* PROBLEM TO WORK ON: Your copy should match the listing below exactly, except that it holds no images.

### AVAILABLE DATA ###

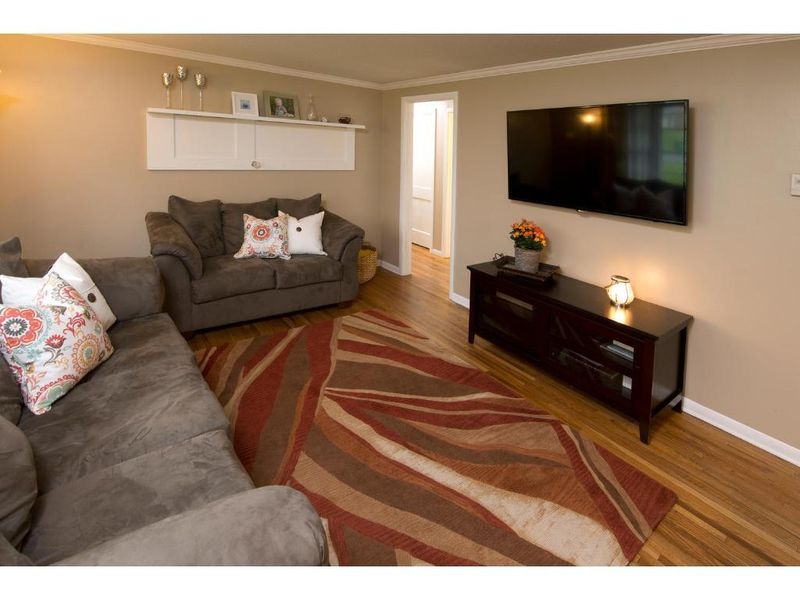 3610 Leroy St, Wayzata, MN 55391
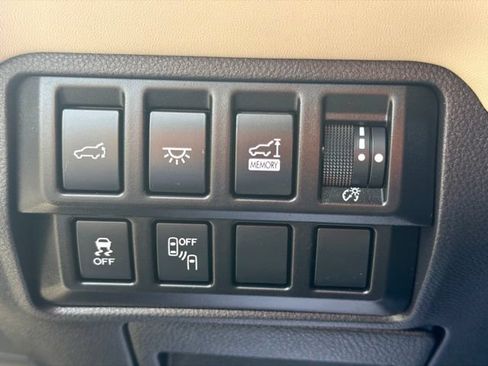 Used 2022 Subaru Ascent Limited AWD/4WD image 17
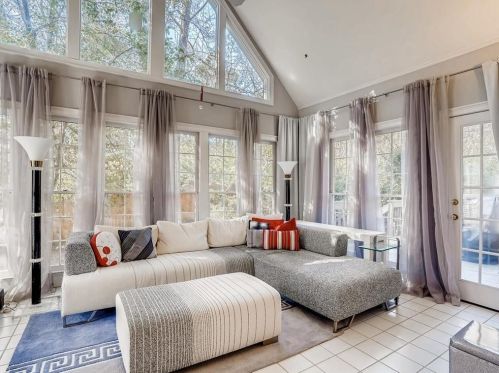 1696 Harts Run, Atlanta GA  30341-1756 exterior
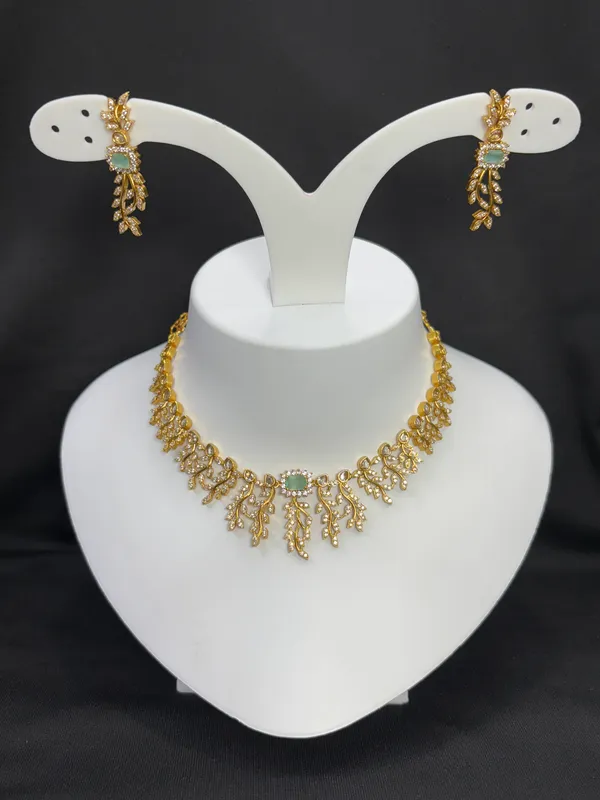 Matt_Gold_Regal_Leaf_Drop_Necklace_Set_For_Women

###

* WRITTEN ANSWER:
 3610 Leroy St, Wayzata, MN 55391
 Used 2022 Subaru Ascent Limited AWD/4WD image 17
 1696 Harts Run, Atlanta GA  30341-1756 exterior
 Matt_Gold_Regal_Leaf_Drop_Necklace_Set_For_Women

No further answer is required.